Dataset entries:

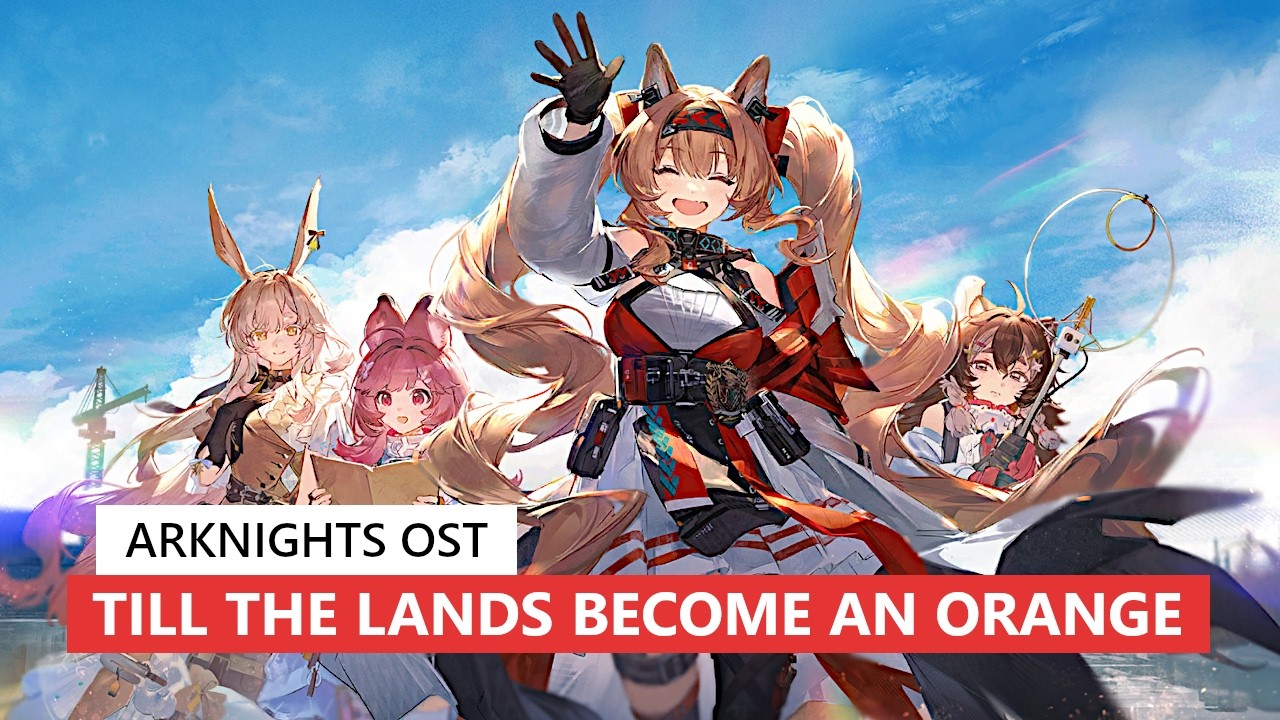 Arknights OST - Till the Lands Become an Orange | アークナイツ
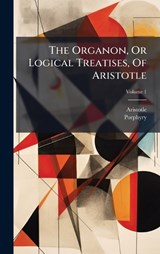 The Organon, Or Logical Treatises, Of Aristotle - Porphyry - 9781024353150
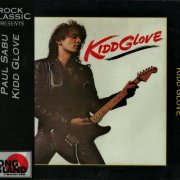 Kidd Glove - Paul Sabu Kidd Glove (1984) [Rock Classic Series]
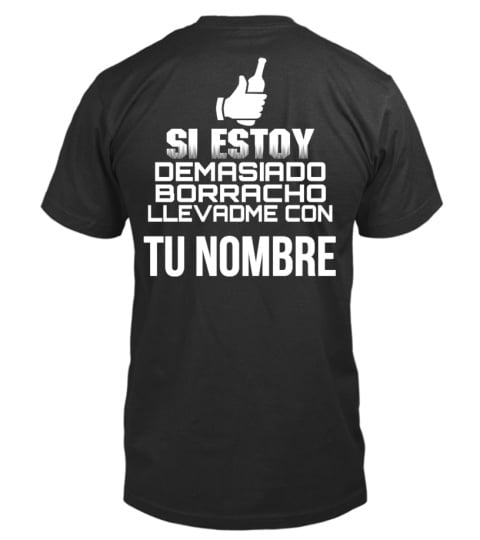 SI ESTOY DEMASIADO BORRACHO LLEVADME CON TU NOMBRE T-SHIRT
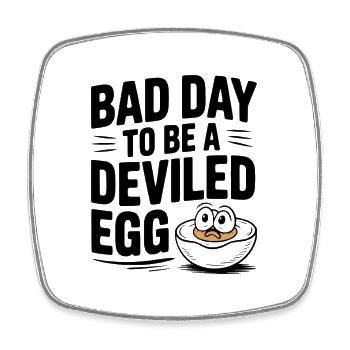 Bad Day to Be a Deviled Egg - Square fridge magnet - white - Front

Work required: Copy out every line of the data above, taking care to leave the pictures out.

Task result:
 Arknights OST - Till the Lands Become an Orange | アークナイツ
 The Organon, Or Logical Treatises, Of Aristotle - Porphyry - 9781024353150
 Kidd Glove - Paul Sabu Kidd Glove (1984) [Rock Classic Series]
 SI ESTOY DEMASIADO BORRACHO LLEVADME CON TU NOMBRE T-SHIRT
 Bad Day to Be a Deviled Egg - Square fridge magnet - white - Front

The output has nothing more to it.